§ **TASK DESCRIPTION**: Below are the records; retype them exactly and omit each picture.
── EXERCISE INPUT
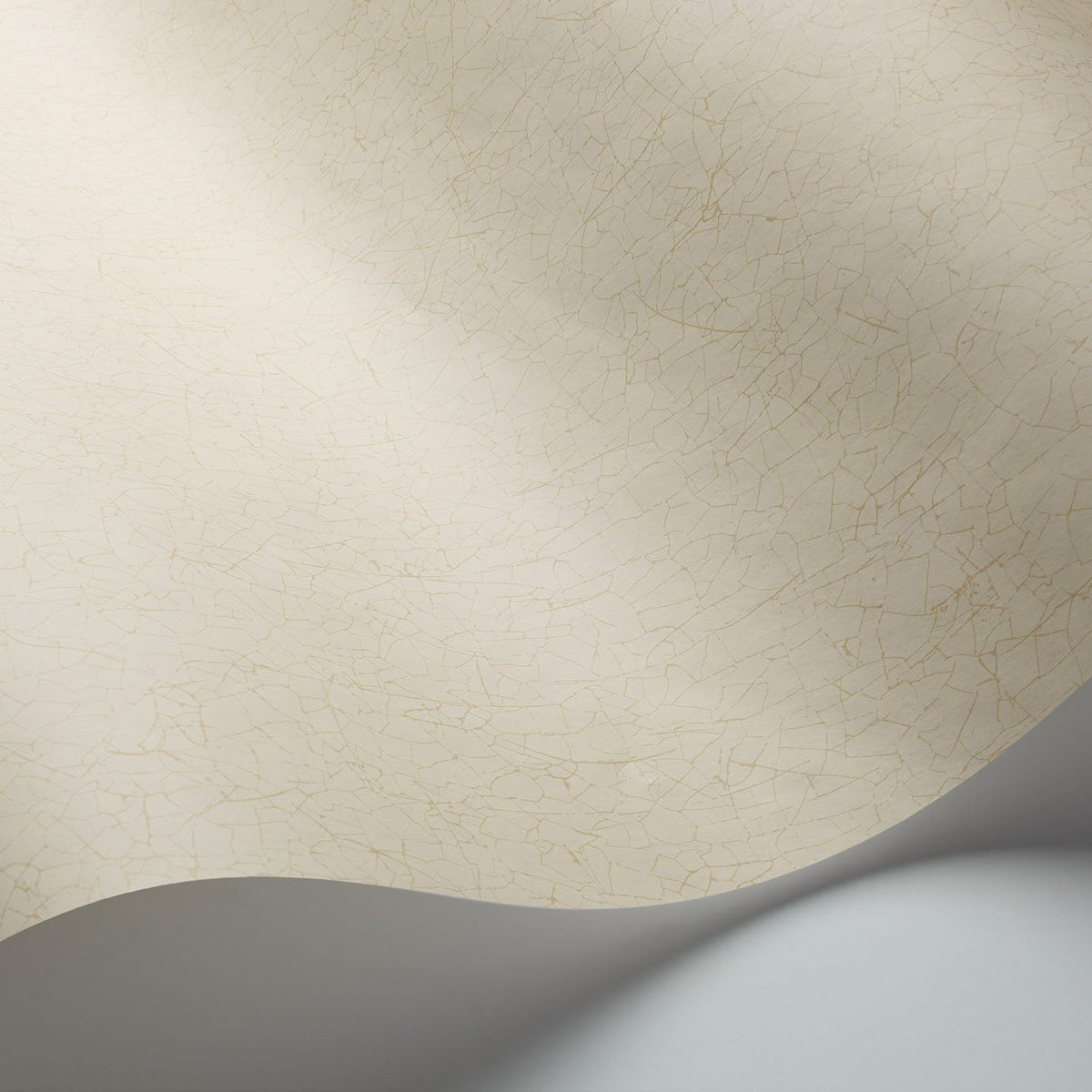 Trianon wallpaper in Cream, curved wallpaper detail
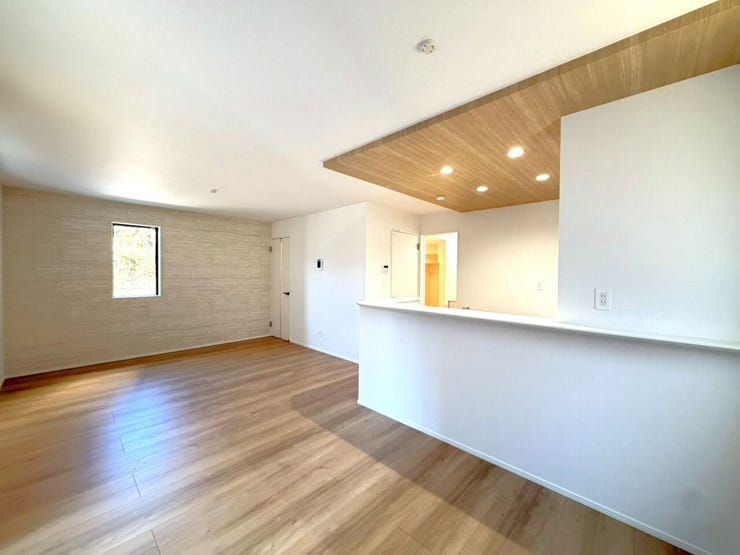 ◇ご来店方法◇
ナビで「ハウスドゥさいたま北宿通り」で検索♪
ローソンストア100に駐車場に4台駐車可能!
手ぶらでOK!キッズスペース完備でお子様ずれでも問題なし!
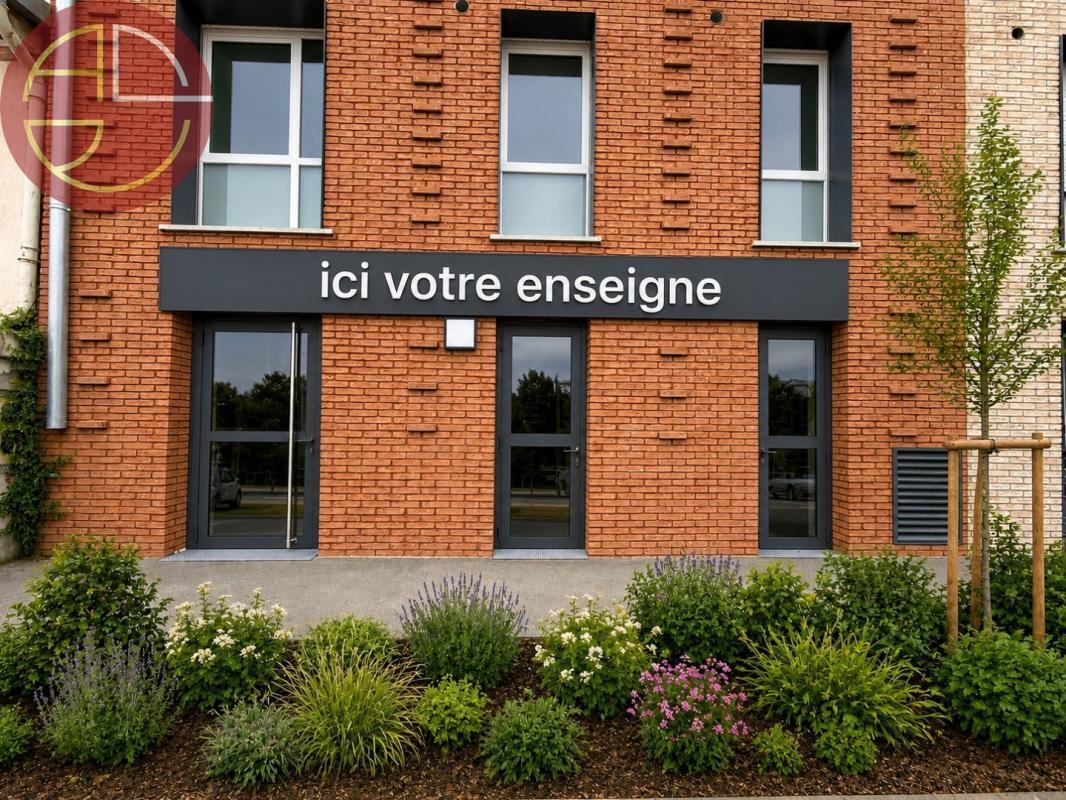 Office in Toulouse for sale Building Photo- Image 1 of 6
────
§ **RESPONSE TO THE EXERCISE**:
 Trianon wallpaper in Cream, curved wallpaper detail
 ◇ご来店方法◇
ナビで「ハウスドゥさいたま北宿通り」で検索♪
ローソンストア100に駐車場に4台駐車可能!
手ぶらでOK!キッズスペース完備でお子様ずれでも問題なし!
 Office in Toulouse for sale Building Photo- Image 1 of 6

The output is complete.